Exactly as written, return every line of the data below apart from the pictures.

#### [Information supplied]
· · ·
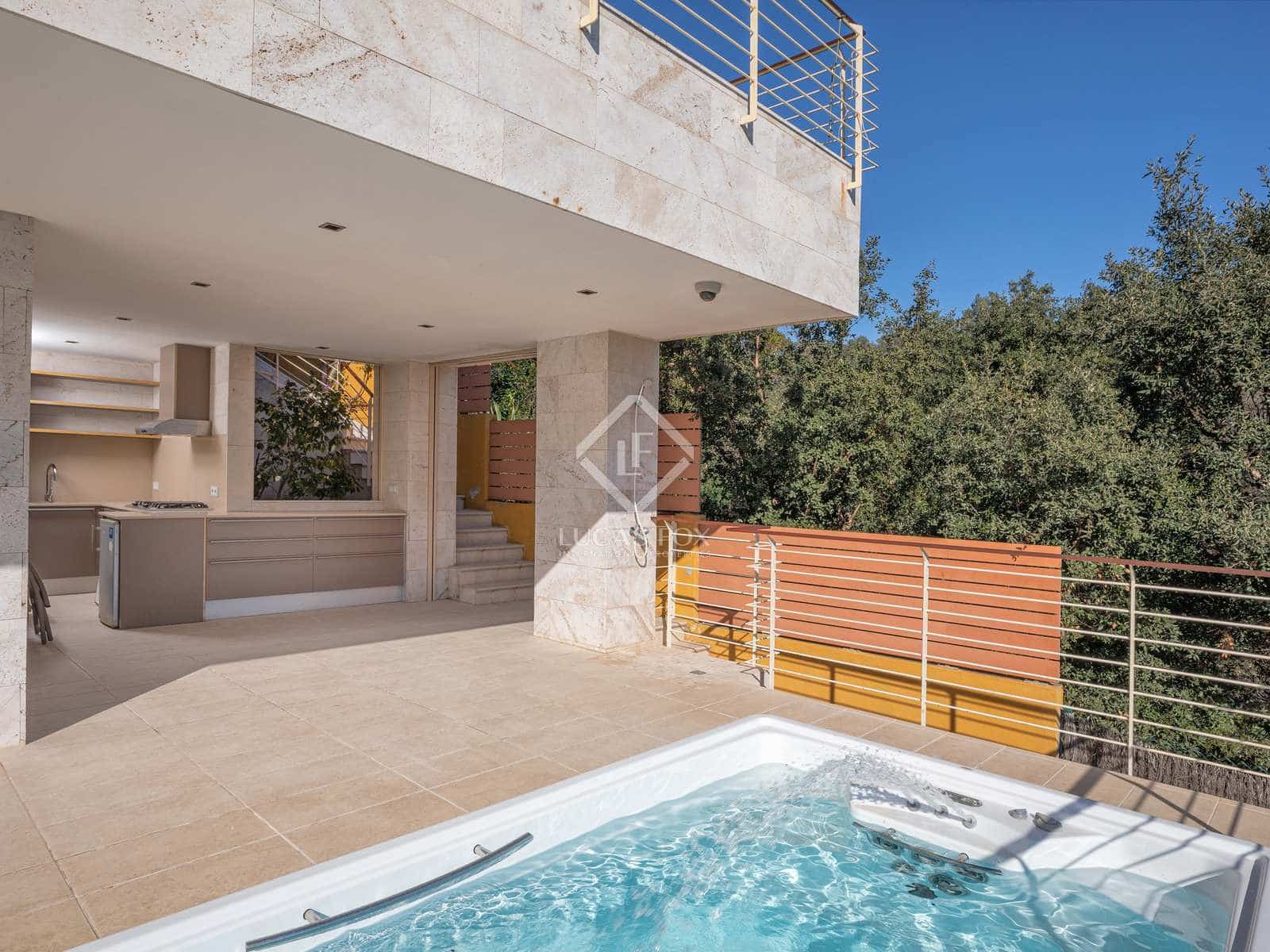 5 bedroom Villa for sale in Tossa de Mar with pool garage - € 1,300,000 (Ref: 7440895)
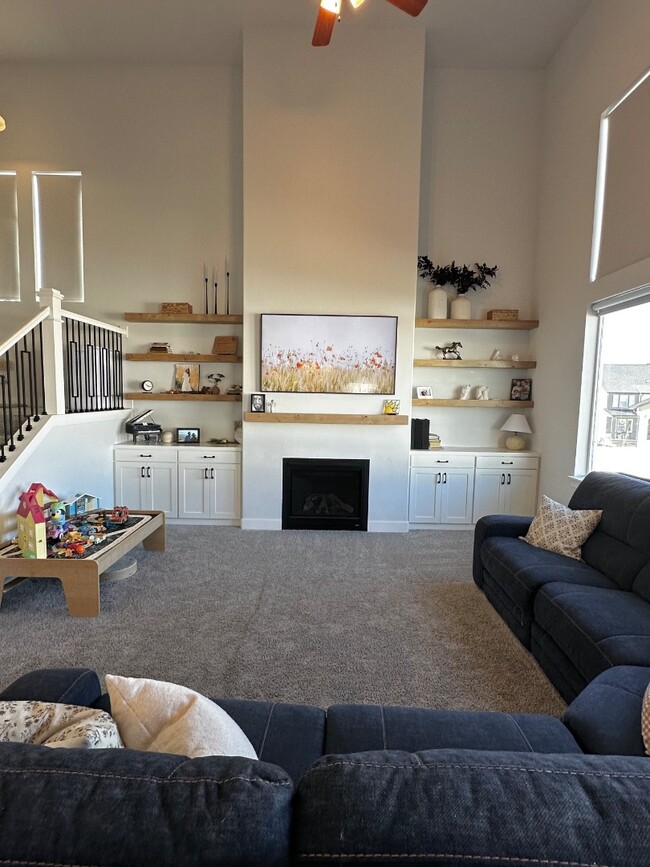 Photo - 353 N High Ridge Rd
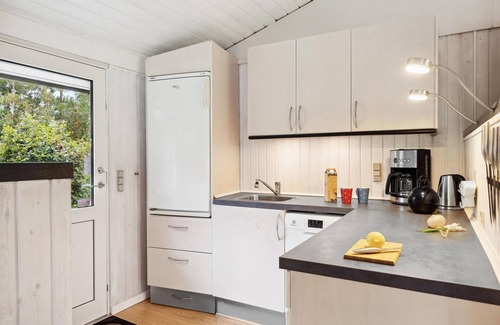 Farvang House | Stunning home in Fårvang with WiFi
· · ·
#### [Answer to this task]
 5 bedroom Villa for sale in Tossa de Mar with pool garage - € 1,300,000 (Ref: 7440895)
 Photo - 353 N High Ridge Rd
 Farvang House | Stunning home in Fårvang with WiFi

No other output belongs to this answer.